The first thing you realise when you are done reading the Structures of Everyday life is the different time scales at which human life goes on. The fastest time scales deal with fashion, politics, wars and heroes, and has traditionally been the kind of history we learn. Then comes the structures of society and economy, which change more slowly, and the kind of change that the Marxists like to worry about. As I mentioned previously, movement (of something) is what is of most interest, and it is due to this reason the these two types of history are dominant. The third type, which Braudel’s book brings about is the material life of the masses, what they ate, drank, wore, built houses with, ploughed fields or carved stones with, moved from one place to another with and how these change. These facets of life are shown to change at a very slow pace, and to a large extent these determine what is possible or not. This is due to the fact that however quickly the more ‘enlightened’ people may want the world to change, the change must happen at the level of the majority of the population, and they change very slowly and reluctantly. Only violence on a large scale can change things at the pace the saviors of the world would want it to change, as the world has witnessed often.

Consistent with my views on evolution/history, the question I would like to pose is the following: How did the geography of Mysore determine how its people lived and interacted with each other and with the world around them? What are the constraints they faced, and how did they go about eliminating them or working around them?

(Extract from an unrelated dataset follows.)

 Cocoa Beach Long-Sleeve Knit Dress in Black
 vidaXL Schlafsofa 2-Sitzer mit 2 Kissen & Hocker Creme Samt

The geography of the Mysore region is somewhat acceptable to humans at best. Being on an elevated plateau, the temperature are somewhat tolerable. The Ghats form natural boundaries on the east and the west and the south. If any water happens to flow on the right side of the Ghats, one can hope for life to exist, and luckily, there happen to be a couple of rivers which are the lifeline of the region, mainly the Cauvery, Tunga, Bhadra and the Krishna. However, these are not perennial like the Ganga and this is a huge constraint to the development of human societies by restricting transport and agricultural options. The soil, on the whole is not the greatest unless we look at the river valleys. The land is mostly uneven and thus prevents the construction of large scale irrigation works like canals. Indeed, the Mysore region was known more for its local tank irrigation (which is why there are so many lakes in the region) than for its canal system like in say Tamil Nadu or (for a better contrast) North India. The 1881 census listed more than 20000 irrigation tanks in the Mysore Region. The fact that this region receives rain from both the forward and retreating monsoons probably encouraged water harvesting activities further.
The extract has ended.